LaChapelle's originality has been so successful even the legendary Richard Avedon has said that he has the potential to be the genre's Magritte. But for all the stars who are desperate to be immortalized by him, some still do not understand the importance of their legacy. "I was recently shooting a very famous girl singer, and she was complaining, 'I am not a model. I am a musician.' One of my idols is Billie Holiday, and I'm thinking, 'Where would we be if we didn't have any photographs of Billie Holiday?' So many of these young actors give me this whole bullshit about, 'I don't want to be in the photo.' Look at James Dean-he has lots of brilliant portraits in just three years of being famous. Some people get it-the Marilyn Monroes, the James Deans. They're visually driven, all-around artists. Photography is a documentation of these people and, as such, an extension of their artwork. The ones who realize this value will probably have longer careers. After all, Brando didn't want to stop being photographed until he was overweight. Before that he appeared in photos shirtless, playing the bongo drums, posing up a storm. People forget that, and here these young guys are trying to pull Brandos at 22. Brando realizes he's had his day, the same with Garbo. You don't start acting like Garbo when you are a young thing. She stopped wanting to be photographed because she was old-she wanted to die new and keep that legend alive. These people don't even have a legend."

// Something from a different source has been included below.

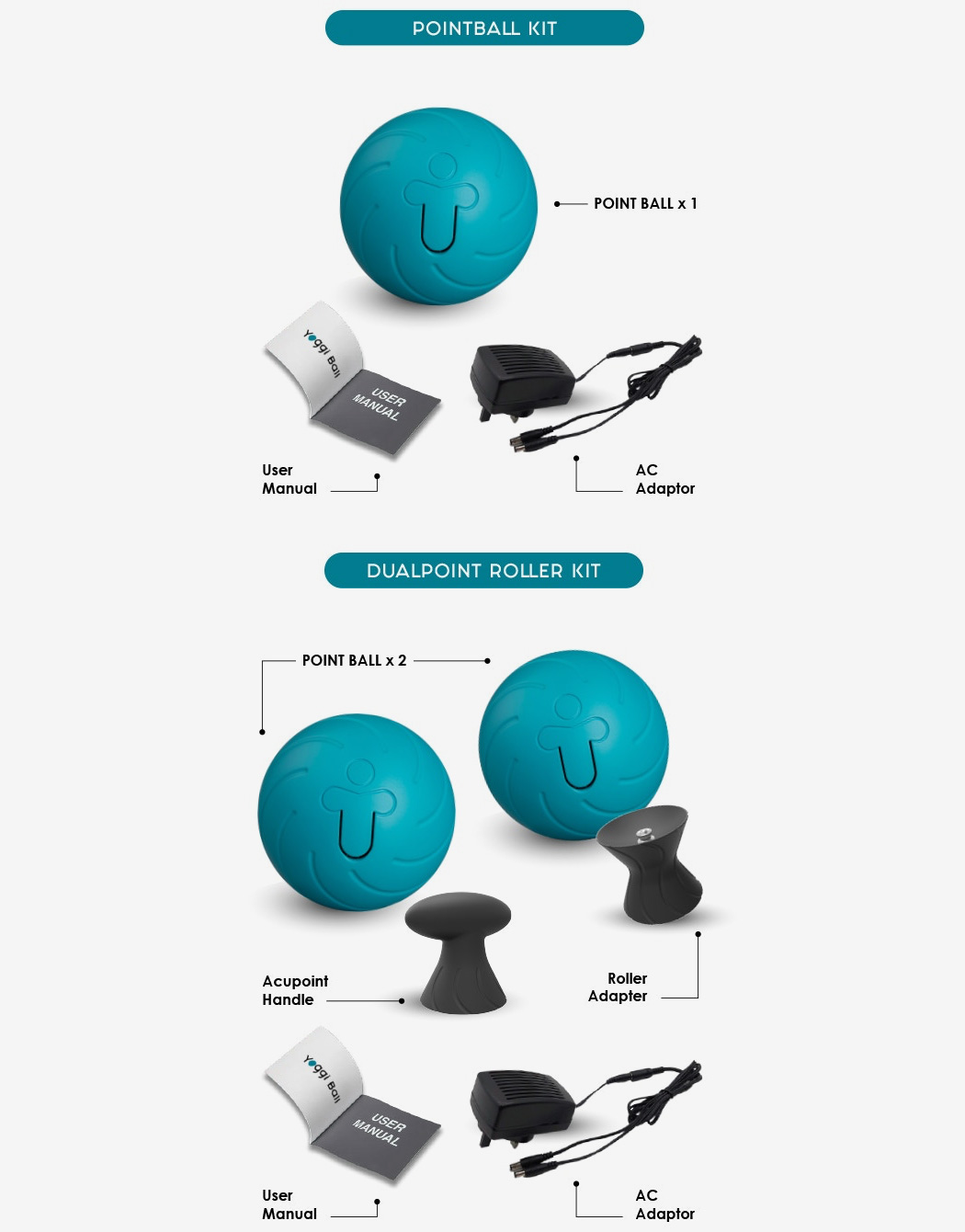 recovery，Yoggi ball，Bodybuilding，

LaChapelle says "self-created people" are currently his biggest influences: transsexuals, Marilyn Manson, "even Elton John, because visually he manufactured himself. Plastic surgery is a whole trip-I just find it really wild when people completely redo their faces. Billy Corgan was here looking through my CD booklet and attacking Michael Jackson, and I said, 'He is so much more radical than your little bald head will ever be.' You can pierce yourself and look like Skylab, you can be as radical as you want, but, honey, no one can be more radical than Michael Jackson." Of course, Jackson is uppermost on the photographers list of desired subjects.
Though LaChapelle's portraits are as indicative of the '90s as Cecil Beaton's are of the '30s, maybe his ultrafresh style can be traced back to 54 and his Pop progenitors, after all: "I read something that said soon we'll be nostalgic for the future," he says, mulling over the notion of immediate retro. "But I just like to take things that are considered banal, or bad taste, and kind of reinvent them and make them good taste. Some people at Vogue might say, 'Oh, this is bad taste,' but I come back with, "I don't want to look at your catalog either.' I just don't care. There are people who respond to my work, and maybe they have green hair and ride a skate board but they're my audience and I love them." Ultimately, he leaves it to others to decide where his vision is taking him and simply continues to dream in LaChapelle Land: "Art is definitely purposeful and has the power to influence people, but it's not anything to get too crazy over."